Evaluation of Properties of Constructed Tubular-Steel Cast-in-Place Pilings

Abstract

Bridge foundations contribute significantly to the serviceability and efficiency of in-service transportation networks. Foundation failure may lead to catastrophic failure of the entire structure, which in turn results in system failure, loss of life, and detours. When the soil within ground surface layers fails to satisfy the bearing capacity requirements, deep foundations such as tubular-steel concrete-filled piles are commonly used in practice. A challenge that often exists with these systems is the uncertainty surrounding in-service capacity as well as condition, which is difficult to determine from the surface.
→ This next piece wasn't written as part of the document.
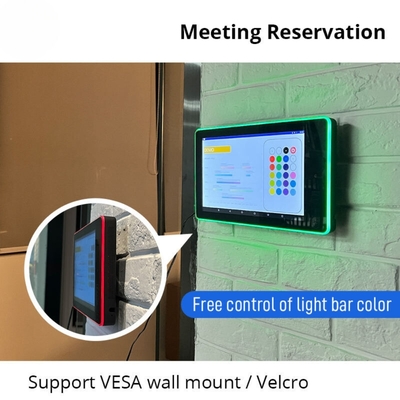 Tablet Android de 10,1 polegadas para sala de reuniões com barra de luz LED para montagem na parede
As a consequence, transportation agencies such as the Wisconsin Department of Transportation use conservative approaches, such as neglecting the tubular-steel contribution or bounding the compressive strength of the core concrete, to design these systems. This approach, while effective for safety, can yield overly conservative and costly designs. The main purpose of this investigation was to evaluate the behavior of tubular-steel, concrete-filled, cast-in-place pilings, with a concentration on the compressive strength and composite behavior between concrete core and steel shell. In this regard, a series of experimental studies, including composite and noncomposite compression loading, core samples, push-through, and flexural testing together with a compatible finite element analysis, were conducted on a series of field-cast piles with different geometrical properties. The results indicated that the steel shell made a significant contribution to the axial loading capacity of the cast-in-place piles. Moreover, no evidence of bond loss was observed during the corresponding experimental studies.